Michael Lubas, 2022-05-10

A route that blocks data center IPs

Several cloud hosting companies publish the IP address ranges of their services. Examples include AWS, Azure, GCP, Oracle, and DigitalOcean. This information is useful to website owners, because the expected behavior of a client coming from a cloud server is different from a residential IP address. Consider a website that sells concert tickets, and wants to prevent bots from quickly purchasing all available tickets. The website owner notices that when tickets go on sale, hundreds of clients with data center IP addresses are making automated requests, purchasing tickets for resale before real visitors can.

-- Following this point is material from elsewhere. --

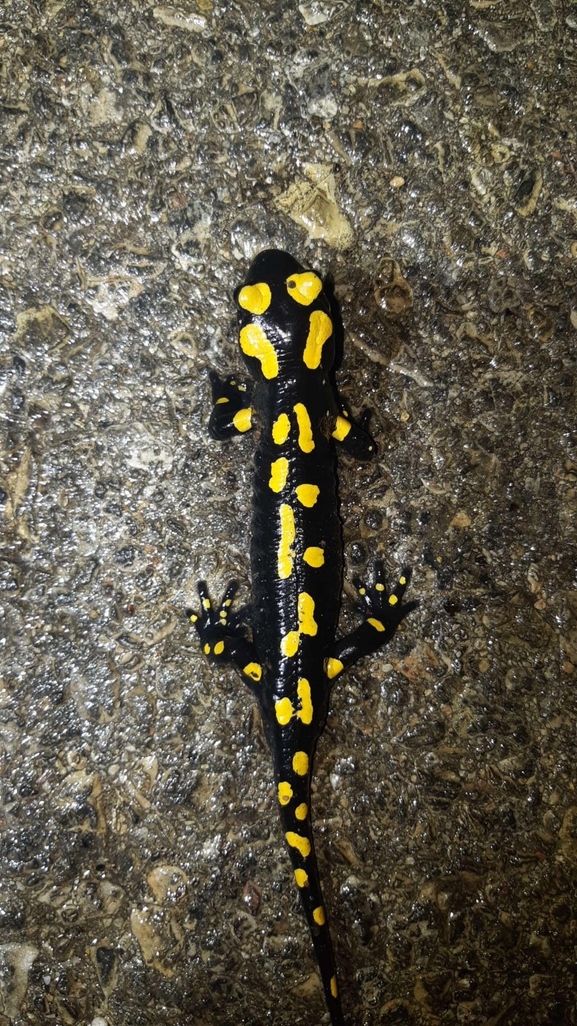 Salamandra infraimmaculata  photographed by רמדאן עיסא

This tutorial will demonstrate how to classify incoming requests to a Phoenix web application. This is based on a comparison of the request’s IP address with a data structure containing the IP ranges of several cloud providers. It will cover:

How to retrieve lists of data center IP prefixes when a Phoenix application starts.
Using a radix tree to store IP prefixes for fast lookup.
Why Erlang's persistent_term module is the best choice for this problem.
Using assigns to store metadata about the IP address.
Writing a plug to block data center IP addresses.

The example of classifying IP addresses as belonging to cloud providers is meant as a concrete example to demonstrate several concepts related to Elixir programming and Phoenix web applications. The relevant code may be found on Github, see https://github.com/paraxialio/taxon

Definitions:

“Data Center IP Address” - An IP address that originates from a data center, not a residential area. For this tutorial, the term “data center” is used to refer to the servers provided by a cloud hosting service, such as AWS. A program running on an AWS hosted server is said to have a data center IP address.

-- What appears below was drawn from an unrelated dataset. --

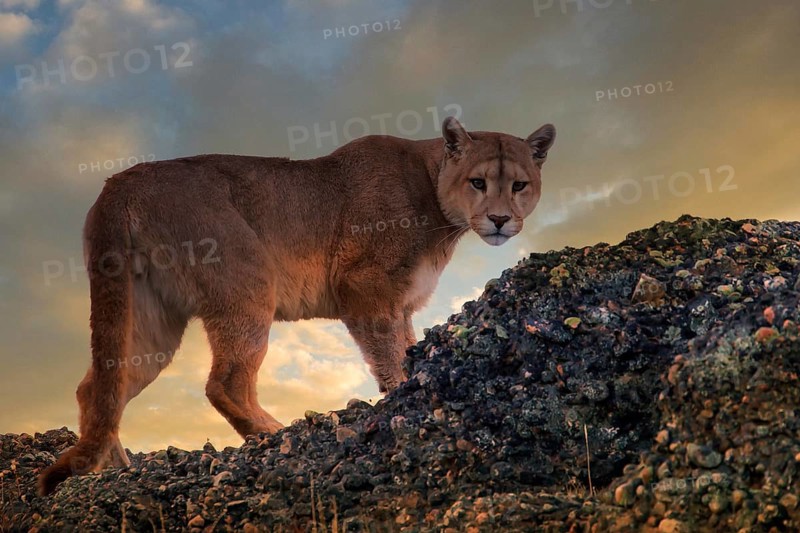 Female Cougar foraging, South America, Chile, Torres del Peine NP, Felis concolar patagonia, Torres del Paine NP, South America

“Residential IP Address” - An IP address that has been assigned to a residential home by an ISP. If you are reading this article from your home, and connected to WiFi, you are most likely using a residential IP address.

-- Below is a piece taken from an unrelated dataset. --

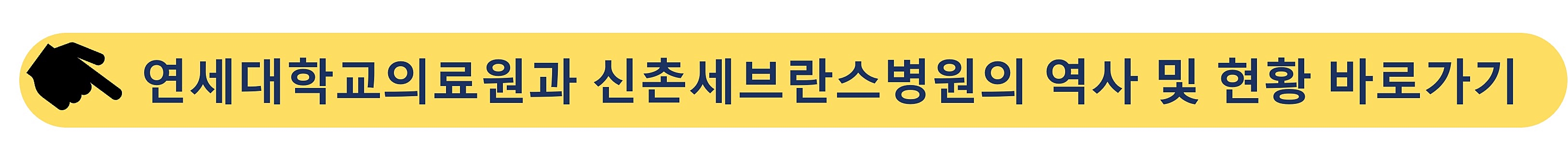 연세대학교의료원-신촌세브란스병원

“Cloud Server” - A server that is available for rent from a hosting provider. These servers have a data center IP, not a residential IP.

1. Setup a New Phoenix application, Taxon

You will create a Phoenix application for this tutorial named Taxon. The code examples and commands below were run on a machine using Elixir 1.13 and Phoenix 1.6.

Create the Taxon application by running:

mix phx.new taxon

Run the following to setup Taxon:

cd taxon
mix deps.get
mix ecto.setup

Then start the application locally with:

mix phx.server

Open http://localhost:4000/ in your web browser. If you see the “Welcome to Phoenix!” page, continue to the next section.

2. A Plan for the Work

To classify incoming requests as “from a data center IP” or “not from a data center IP”, you will use the IP address ranges provided by cloud companies. At a high level, the plan is to:

Determine which cloud providers to use for classifying traffic.
Write a function for each cloud provider that makes an HTTP request to get a list of IP prefixes
Once the IP prefixes have been downloaded, store them in a data structure with fast read access.

2.1. The Cloud Providers, Amazon and Microsoft

This tutorial uses two cloud providers as the source of IP prefixes, Amazon and Microsoft. The relevant prefixes can be found at the URLs:

AWS - https://ip-ranges.amazonaws.com/ip-ranges.json

Microsoft - https://download.microsoft.com/download/7/1/D/71D86715-5596-4529-9B13-DA13A5DE5B63/ServiceTags_Public_20220425.json

Observe the data from Amazon:

    ...
  "prefixes": [
    {
      "ip_prefix": "3.5.140.0/22",
    ...
    {
      "ipv6_prefix": "2600:1f70:4000::/56",
    ...

At the time of writing, the Amazon JSON file contains a few thousand IP prefixes. The next task to convert them into a data structure for fast matching against incoming requests.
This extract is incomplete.